* _PROBLEM TO SOLVE_
With the pictures left aside, write out exactly the lines of the listing below from the line with "超級(jí)瑪麗11重疾險(xiǎn)的" to the line with "小轿车因电气线路故障被烧成空壳北京密云消防提示司机按期检查", both included, and only those.

* _PROVIDED RECORDS_
Content starts
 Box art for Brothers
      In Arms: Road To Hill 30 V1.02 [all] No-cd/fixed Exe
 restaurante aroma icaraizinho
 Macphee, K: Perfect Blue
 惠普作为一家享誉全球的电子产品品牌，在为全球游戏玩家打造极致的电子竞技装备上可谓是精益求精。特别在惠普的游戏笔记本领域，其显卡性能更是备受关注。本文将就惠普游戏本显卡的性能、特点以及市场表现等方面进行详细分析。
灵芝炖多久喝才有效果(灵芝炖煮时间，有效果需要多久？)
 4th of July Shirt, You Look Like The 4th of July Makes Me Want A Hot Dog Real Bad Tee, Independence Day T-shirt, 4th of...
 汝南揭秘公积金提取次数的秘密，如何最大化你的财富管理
Content ends
Content starts
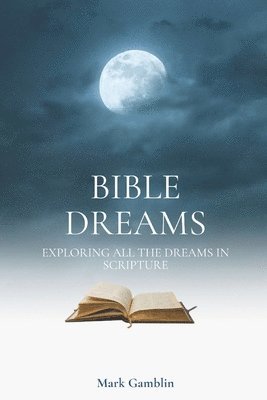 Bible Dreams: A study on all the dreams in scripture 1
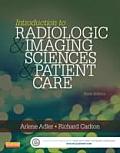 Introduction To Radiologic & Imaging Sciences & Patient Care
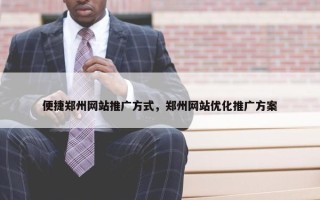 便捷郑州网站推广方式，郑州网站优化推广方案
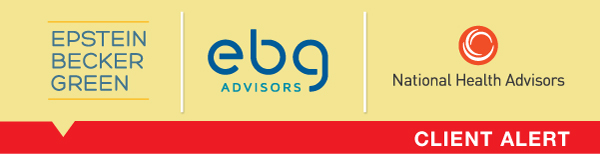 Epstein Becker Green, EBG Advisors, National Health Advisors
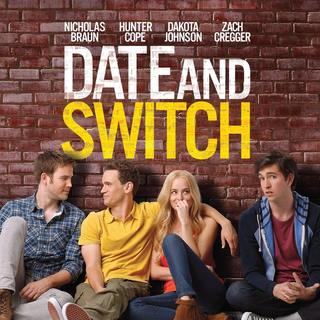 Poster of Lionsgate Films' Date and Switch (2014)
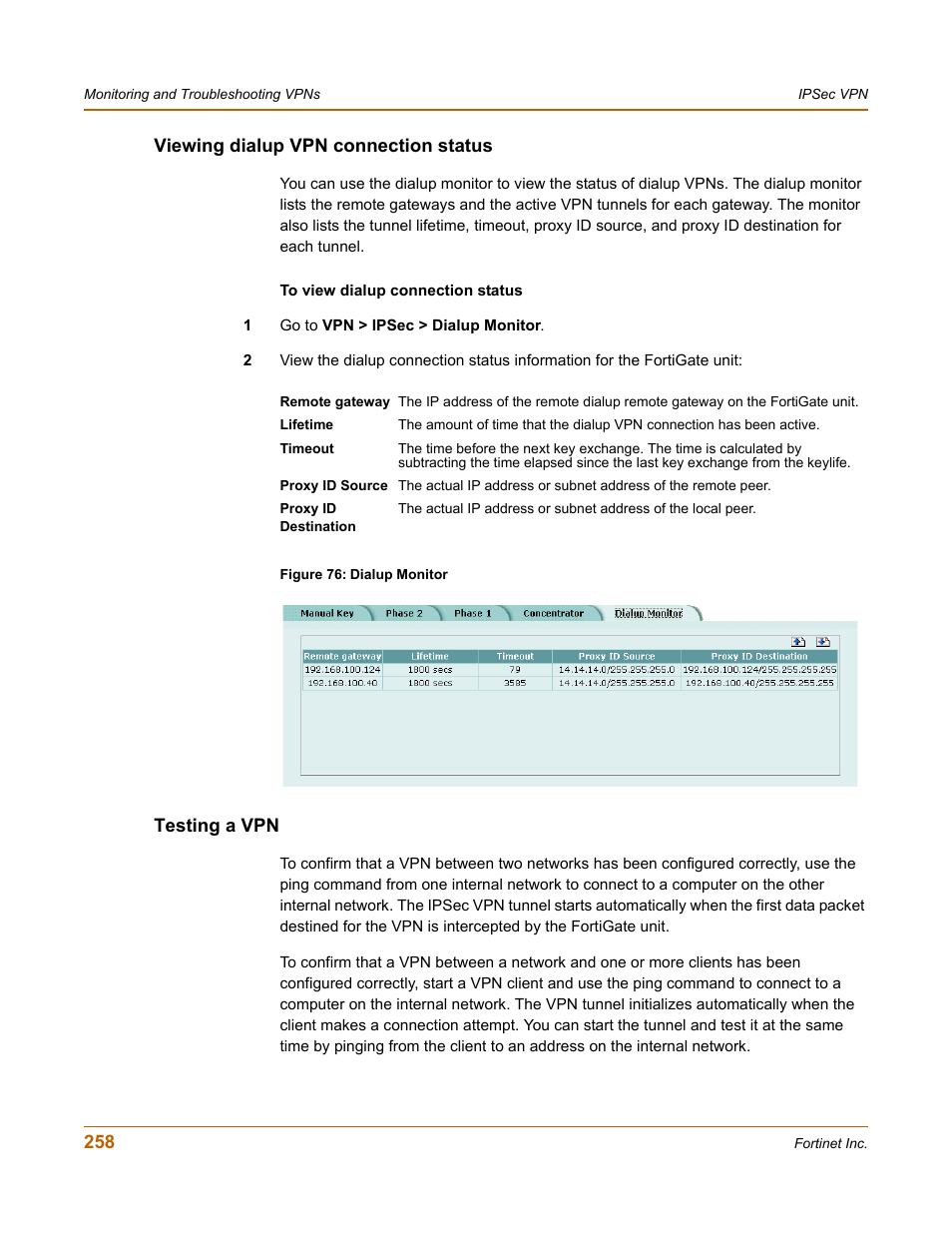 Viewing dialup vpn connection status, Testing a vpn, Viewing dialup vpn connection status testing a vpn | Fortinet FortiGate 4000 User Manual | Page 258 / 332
Content ends
Content starts
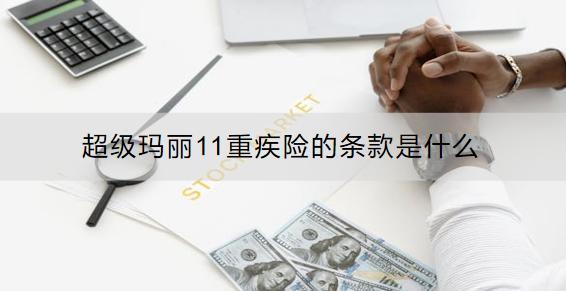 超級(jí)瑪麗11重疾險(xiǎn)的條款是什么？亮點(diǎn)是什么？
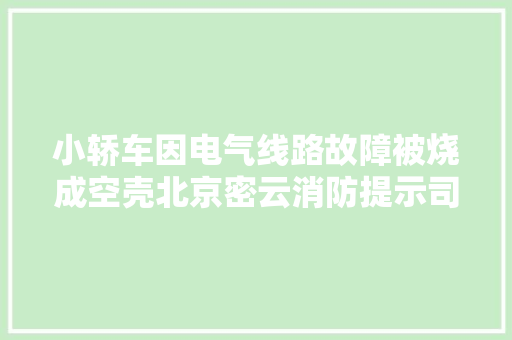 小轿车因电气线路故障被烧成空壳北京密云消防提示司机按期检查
Content ends
* _WRITTEN SOLUTION_
 超級(jí)瑪麗11重疾險(xiǎn)的條款是什么？亮點(diǎn)是什么？
 小轿车因电气线路故障被烧成空壳北京密云消防提示司机按期检查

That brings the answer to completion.